Cependant, on retrouve des comportements de résistance au fisc dans tous les milieux. Dans certains cas, ces comportements sont moralement condamnables. Dans d’autres, ils mettent en lumière des incohérences, voire des injustices du système fiscal, qu’il convient de corriger. Pour y remédier, il ne suffit donc pas de mettre en œuvre de nouvelles mesures de nature répressive. Il est aussi indispensable de faire preuve de plus de pédagogie fiscale et d’adapter notre système fiscal afin qu’il soit perçu comme moins complexe et plus équilibré.

Foncièrement social et juste, l’impôt a-t-il une limite ?

L’impôt est un prélèvement sur les ressources et non une confiscation. En Belgique comme presque partout ailleurs, il n’y a pas de limite quantitative, soit un taux qui violerait la Constitution.
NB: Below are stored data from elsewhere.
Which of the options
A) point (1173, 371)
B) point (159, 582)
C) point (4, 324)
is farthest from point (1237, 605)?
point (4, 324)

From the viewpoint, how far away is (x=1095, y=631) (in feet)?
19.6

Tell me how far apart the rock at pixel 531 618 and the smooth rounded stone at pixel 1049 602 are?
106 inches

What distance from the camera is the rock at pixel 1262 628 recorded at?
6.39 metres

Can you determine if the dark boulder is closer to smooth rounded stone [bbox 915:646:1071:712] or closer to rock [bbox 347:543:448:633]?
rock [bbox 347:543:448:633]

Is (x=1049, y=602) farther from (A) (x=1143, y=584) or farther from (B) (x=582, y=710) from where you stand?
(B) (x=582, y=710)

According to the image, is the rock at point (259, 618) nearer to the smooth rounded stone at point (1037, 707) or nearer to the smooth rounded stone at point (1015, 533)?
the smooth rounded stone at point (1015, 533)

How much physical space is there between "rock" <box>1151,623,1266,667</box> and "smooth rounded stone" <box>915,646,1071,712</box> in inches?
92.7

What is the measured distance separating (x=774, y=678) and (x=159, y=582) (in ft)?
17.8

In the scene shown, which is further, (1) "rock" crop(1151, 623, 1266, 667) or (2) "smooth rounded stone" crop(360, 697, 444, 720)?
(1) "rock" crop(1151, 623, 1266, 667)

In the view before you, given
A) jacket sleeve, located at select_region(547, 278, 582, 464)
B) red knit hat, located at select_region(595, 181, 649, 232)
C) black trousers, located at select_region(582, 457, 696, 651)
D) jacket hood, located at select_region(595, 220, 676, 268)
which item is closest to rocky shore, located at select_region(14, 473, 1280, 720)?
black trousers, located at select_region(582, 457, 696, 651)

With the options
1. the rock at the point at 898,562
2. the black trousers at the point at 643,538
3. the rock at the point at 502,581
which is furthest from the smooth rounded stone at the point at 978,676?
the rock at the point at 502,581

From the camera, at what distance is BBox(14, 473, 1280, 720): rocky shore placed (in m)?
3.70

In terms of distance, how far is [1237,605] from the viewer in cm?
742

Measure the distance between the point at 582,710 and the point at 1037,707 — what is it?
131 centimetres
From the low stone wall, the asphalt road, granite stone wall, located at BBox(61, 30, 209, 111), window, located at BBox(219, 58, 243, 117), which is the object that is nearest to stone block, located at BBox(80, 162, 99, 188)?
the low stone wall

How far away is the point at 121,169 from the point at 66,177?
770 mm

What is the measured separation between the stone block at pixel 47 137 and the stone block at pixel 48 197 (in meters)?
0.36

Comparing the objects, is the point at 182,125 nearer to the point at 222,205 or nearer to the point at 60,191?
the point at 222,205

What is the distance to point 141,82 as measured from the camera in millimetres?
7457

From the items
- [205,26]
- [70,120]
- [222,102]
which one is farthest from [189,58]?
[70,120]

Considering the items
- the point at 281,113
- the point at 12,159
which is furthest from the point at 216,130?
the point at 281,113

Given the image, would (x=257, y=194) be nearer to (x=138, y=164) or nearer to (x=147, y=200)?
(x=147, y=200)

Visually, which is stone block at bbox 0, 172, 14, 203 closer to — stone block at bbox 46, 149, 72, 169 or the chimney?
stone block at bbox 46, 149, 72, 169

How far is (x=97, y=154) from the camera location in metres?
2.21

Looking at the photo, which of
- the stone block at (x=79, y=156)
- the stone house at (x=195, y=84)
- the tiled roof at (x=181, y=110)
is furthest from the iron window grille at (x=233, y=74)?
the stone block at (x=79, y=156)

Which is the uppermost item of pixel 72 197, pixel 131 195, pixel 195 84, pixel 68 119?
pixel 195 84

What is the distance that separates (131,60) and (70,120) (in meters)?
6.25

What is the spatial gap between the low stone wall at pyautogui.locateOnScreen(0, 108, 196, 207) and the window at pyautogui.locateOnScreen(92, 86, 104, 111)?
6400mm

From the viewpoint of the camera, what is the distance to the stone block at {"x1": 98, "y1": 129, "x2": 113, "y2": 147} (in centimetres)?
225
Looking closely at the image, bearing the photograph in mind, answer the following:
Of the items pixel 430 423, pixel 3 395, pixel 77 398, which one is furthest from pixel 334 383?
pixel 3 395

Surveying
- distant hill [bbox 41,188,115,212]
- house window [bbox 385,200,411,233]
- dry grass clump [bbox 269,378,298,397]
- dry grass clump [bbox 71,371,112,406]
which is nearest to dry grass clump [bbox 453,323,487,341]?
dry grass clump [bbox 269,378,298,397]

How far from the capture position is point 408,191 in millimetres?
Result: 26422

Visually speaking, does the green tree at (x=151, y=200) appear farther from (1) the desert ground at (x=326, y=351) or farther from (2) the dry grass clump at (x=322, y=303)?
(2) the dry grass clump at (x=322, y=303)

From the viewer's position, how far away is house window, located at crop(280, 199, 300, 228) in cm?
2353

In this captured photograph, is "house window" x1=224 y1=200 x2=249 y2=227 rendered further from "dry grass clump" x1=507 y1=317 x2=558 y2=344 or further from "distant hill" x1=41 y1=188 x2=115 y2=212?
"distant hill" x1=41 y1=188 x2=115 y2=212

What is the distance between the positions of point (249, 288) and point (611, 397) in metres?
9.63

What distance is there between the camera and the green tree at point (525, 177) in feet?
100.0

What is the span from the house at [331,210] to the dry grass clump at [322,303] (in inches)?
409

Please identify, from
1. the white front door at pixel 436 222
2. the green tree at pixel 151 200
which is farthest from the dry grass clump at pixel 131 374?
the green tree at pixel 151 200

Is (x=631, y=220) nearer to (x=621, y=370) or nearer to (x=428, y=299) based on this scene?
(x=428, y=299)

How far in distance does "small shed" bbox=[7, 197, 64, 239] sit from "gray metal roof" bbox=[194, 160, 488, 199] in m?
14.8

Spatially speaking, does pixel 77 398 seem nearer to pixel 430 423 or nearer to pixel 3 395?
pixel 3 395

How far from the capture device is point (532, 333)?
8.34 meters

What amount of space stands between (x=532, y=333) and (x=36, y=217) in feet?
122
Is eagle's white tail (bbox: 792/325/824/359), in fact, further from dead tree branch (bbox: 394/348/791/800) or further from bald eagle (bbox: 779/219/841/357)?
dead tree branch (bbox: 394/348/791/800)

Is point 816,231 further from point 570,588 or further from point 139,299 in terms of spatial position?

Mais d’autres limites existent : le consentement de la loi d’impôt par le Parlement, les droits de l’homme (non-discrimination au sein d’un groupe de personnes dans la même situation), le droit à la vie privée (lors de contrôles) et le droit de propriété lorsque le prélèvement fiscal s’apparente à une expropriation (taux proche des 100 %).

La Belgique apparaît comme un paradis fiscal. Les travailleurs belges ne comprennent pas.

Le système fiscal belge est paradoxal. A la suite de réformes successives (et sans volonté politique claire), le système d’imposition des revenus a prévu des régimes d’imposition très différents selon la nature du revenu. Très disparates même : d’un taux progressif jusqu’à 50 % pour les revenus professionnels à un taux proportionnel de 25 %, 21 %, 15 % et jusqu’à 0 % pour les revenus mobiliers. Du point de vue français, la Belgique est perçue comme un paradis fiscal parce qu’il n’y a ni imposition sur les plus-values, ni impôt sur la fortune, ni système de cotisation sociale généralisé. Et quand on “a la chance” de ne pas percevoir de revenus professionnels mais uniquement des revenus d’investissements, la Belgique est un pays très accueillant. Mais ces différences de taxation deviennent de plus en plus difficiles à comprendre. Une réforme – un rééquilibrage – est inéluctable : diminution de l’imposition du travail et augmentation de l’imposition des autres formes de revenus.